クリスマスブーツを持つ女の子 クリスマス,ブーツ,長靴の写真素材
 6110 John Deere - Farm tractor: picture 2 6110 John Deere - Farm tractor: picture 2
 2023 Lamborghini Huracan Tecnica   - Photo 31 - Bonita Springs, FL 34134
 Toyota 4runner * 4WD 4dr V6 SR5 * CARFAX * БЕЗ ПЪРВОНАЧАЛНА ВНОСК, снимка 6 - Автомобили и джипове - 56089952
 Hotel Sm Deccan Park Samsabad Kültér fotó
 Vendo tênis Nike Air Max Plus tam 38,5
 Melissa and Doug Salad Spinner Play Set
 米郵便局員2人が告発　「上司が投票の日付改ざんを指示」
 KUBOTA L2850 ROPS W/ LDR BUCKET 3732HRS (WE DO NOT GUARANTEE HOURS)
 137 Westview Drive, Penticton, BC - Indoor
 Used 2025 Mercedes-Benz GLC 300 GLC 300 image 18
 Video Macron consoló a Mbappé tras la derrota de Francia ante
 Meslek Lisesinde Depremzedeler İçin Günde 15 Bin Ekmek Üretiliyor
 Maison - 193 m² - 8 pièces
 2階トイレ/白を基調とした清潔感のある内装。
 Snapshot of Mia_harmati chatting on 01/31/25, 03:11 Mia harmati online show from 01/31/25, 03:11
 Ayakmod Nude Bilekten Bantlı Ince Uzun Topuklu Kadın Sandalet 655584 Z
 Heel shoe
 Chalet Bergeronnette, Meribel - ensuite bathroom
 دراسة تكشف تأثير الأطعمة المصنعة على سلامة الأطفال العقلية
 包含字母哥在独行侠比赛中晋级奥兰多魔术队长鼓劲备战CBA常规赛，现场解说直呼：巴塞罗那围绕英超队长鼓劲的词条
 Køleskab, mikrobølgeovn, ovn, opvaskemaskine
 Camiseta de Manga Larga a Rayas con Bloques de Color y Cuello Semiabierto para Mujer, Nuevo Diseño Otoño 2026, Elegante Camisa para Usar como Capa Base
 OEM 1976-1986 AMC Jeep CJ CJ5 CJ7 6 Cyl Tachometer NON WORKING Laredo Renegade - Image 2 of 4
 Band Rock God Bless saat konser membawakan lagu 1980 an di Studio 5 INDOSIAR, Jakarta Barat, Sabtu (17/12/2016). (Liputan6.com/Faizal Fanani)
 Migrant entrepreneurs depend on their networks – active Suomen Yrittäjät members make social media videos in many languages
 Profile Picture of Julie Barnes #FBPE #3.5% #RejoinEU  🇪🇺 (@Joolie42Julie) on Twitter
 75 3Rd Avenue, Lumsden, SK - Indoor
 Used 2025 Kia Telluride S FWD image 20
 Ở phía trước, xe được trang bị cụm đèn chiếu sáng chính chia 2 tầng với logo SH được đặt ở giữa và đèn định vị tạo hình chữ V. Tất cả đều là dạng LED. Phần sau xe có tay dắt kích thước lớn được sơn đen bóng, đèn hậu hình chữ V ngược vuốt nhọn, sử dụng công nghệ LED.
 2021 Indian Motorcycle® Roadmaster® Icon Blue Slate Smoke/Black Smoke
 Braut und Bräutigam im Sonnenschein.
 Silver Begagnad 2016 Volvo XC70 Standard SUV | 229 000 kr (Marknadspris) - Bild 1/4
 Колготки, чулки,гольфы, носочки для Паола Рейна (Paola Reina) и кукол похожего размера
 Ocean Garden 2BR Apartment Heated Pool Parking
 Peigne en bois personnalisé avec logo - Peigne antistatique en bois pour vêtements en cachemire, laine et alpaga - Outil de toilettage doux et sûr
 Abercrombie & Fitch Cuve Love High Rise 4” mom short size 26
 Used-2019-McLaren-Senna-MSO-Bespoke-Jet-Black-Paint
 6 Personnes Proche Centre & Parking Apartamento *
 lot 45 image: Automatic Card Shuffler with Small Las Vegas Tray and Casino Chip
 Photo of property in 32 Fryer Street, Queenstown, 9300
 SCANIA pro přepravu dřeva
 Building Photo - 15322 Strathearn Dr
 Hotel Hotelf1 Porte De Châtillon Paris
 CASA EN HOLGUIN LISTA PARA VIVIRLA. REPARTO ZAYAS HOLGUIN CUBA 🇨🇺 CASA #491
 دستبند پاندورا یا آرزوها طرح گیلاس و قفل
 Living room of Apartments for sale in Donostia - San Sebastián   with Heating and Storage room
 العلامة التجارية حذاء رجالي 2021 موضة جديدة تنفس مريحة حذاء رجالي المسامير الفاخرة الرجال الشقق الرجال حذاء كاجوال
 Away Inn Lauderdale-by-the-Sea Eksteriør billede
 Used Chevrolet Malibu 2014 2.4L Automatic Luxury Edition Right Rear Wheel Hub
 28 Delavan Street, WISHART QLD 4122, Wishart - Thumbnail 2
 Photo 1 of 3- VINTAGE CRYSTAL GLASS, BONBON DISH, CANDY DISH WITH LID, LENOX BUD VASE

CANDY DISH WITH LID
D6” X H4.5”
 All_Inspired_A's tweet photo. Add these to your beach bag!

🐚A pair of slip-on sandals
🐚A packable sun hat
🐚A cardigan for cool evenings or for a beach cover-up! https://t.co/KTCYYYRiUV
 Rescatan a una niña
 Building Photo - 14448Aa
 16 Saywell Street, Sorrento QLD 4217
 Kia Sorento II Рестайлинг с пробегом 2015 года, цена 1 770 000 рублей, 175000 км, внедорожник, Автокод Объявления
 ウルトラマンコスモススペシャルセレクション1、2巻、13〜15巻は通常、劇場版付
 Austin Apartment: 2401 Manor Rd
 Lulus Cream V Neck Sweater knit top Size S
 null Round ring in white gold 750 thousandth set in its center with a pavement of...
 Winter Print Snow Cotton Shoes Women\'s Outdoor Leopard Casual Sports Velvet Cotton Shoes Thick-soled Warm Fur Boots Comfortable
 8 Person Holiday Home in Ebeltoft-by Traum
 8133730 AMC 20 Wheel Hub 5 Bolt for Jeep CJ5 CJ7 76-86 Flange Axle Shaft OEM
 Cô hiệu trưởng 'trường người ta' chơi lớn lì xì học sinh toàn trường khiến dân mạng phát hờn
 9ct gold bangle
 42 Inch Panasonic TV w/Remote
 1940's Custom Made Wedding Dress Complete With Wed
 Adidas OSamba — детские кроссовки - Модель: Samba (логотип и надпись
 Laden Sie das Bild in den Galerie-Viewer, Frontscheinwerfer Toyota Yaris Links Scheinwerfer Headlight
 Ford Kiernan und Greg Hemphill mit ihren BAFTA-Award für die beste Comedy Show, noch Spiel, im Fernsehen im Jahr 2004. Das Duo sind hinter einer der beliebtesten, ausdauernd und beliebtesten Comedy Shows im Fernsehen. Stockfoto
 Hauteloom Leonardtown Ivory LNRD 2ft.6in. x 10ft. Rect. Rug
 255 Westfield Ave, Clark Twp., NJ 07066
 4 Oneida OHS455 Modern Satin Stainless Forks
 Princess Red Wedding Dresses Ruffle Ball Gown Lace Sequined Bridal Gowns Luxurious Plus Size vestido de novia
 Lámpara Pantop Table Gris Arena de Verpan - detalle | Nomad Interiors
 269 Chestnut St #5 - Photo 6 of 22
::::::::
• [WORK REQUIRED]: Which lines of the records above contain the word "Plus"? Show each of them.

• [COMPLETED EXERCISE]:
 Vendo tênis Nike Air Max Plus tam 38,5
 Princess Red Wedding Dresses Ruffle Ball Gown Lace Sequined Bridal Gowns Luxurious Plus Size vestido de novia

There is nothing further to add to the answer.